Le mouvement social Tamarrod (rébellion, en arabe) qui réclame le départ du président Morsi est composé de plusieurs couches sociales. Il y a des anti-islamistes, des nationalistes, des libéraux, des laïques, des partis traditionnels. Il y a surtout un retour en force des jeunes de la première révolution de 2011. Ils sont ouverts aux valeurs mondiales. Ce qui est nouveau, c'est qu'on voit aussi des gens des régions rurales connues pour leur conservatisme. Avec l'armée qui leur donne maintenant son support moral, on peut comprendre pourquoi il y a 14 millions de personnes dans les rues.

Quel rôle joue l'armée dans ce conflit? Doit-on craindre un coup d'État ?

L'armée a donné un ultimatum à toute la classe politique, pas seulement au président Morsi. Mais elle n'a pas indiqué comment elle conçoit la transition. Un coup d'État militaire est peu probable même s'il ne faut pas l'écarter. La voie à privilégier est un forcing pour freiner la «surislamisation». L'armée devra éviter de laisser le chaos s'installer, car il pourrait mener à la guerre civile. L'Égypte a rarement connu des guerres civiles. Mais cette fois, il y a des armes qui circulent, on voit des morts [16 personnes ont perdu la vie dans les manifestations de dimanche]... C'est annonciateur d'une possible violence civile.
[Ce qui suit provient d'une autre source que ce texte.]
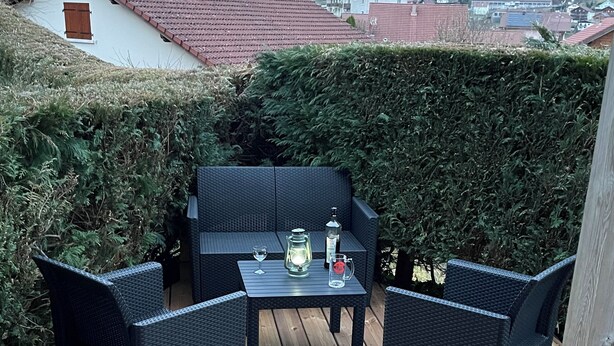 Eine Holzterrasse mit Korbmöbeln, einem Tisch und einer Karaffe.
Les dernières manifestations marquent-elles un retour en arrière ou un apprentissage de la démocratie ?

C'est une période de transition turbulente, qui est aussi un certain apprentissage de la démocratie. Mais l'échec de l'islamisme politique dans son intégration des valeurs libérales et démocratiques devient criant. Les Frères musulmans ont embarqué dans la révolution comme des opportunistes et non pas comme des porteurs d'un vrai projet révolutionnaire, alors que le premier moment révolutionnaire était libéral. Est-ce que les récentes turbulences déboucheront sur une période de dictature militaire? Ce n'est pas à écarter. Est-ce que ça débouchera sur une rationalisation du jeu politique et des Frères musulmans? Cela est aussi possible. On a actuellement un séisme qui pourrait être fondateur de la révolution égyptienne. Peut-être que le 30 juin 2013 est la date de la véritable révolution égyptienne et démocratique. Est-ce que cette transition durera une décennie? Quelques mois? Ça reste à voir.